The sad part is main stream sites like Gizmodo and iLounge are writing about these products and absolutely slaughtering them. Or, I should say, they post the raw news and the readers go "hey, I've seen that before! It's a knock off! Boo!" And that's when the pitchforks come out and the American market rejects the products outright.
Alas, both these products are damn good (with the usual price/setup caveats). The vacuum tube does, through its little distortion magic act, clean up some of the digital glare of MP3s, so it's not all marketing BS about tubes at this price level. It's a shame, really, that what could have been legitimate convergence products have instead become Chinese alphabet soup.
I do hold out hope, however, that this new generation of trickle-down high-end products draw more and more attention to hi-fi. Seems people are becoming interested, finally, even if it's still in the freaky products out there. Here's to hoping that someone releases a product with genuine high-end appeal with marketing to match.
Oh, and finally, there's the iClassic below. See those tubes? Can you guess what they are? KT88s? 300Bs (Western Electrics, maybe)? Nope, they're faux tubes but they glow like the real thing!

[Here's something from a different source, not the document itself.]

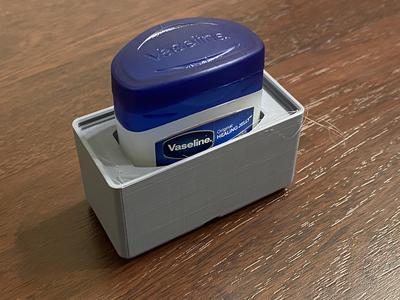 Gridfinity Vaseline Holder.stl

Yup, the iClassic is basically a iPod dock/clock radio with fake tubes and real speakers. $180 to lose your audio soul.
Me, I'm hoping for stick-on tubes from China. You know, a little battery inside with adhesive on the bottom. Then everything can be tube powered! DVD player, plasma TV, four-slice toaster, toilet, dog, wife. It's a brave new world.
Bose Companion 5
Stop the press! Newsflash! … I’ve been Bose’d! Yep, I’m coming out of the closet – the recently released $399 Bose Companion 5 multimedia speaker system is really, really neat. So just like you, Joe and Schmoe, I couldn’t help but notice all the new ads for this little desktop computer speaker system – though of course I was thinking it’s the typical Bose marketing coy. Armed with a genuine intention to get to the bottom of this, I went to a local Bose retail demo store and figured I’d give this little thing a fair shot.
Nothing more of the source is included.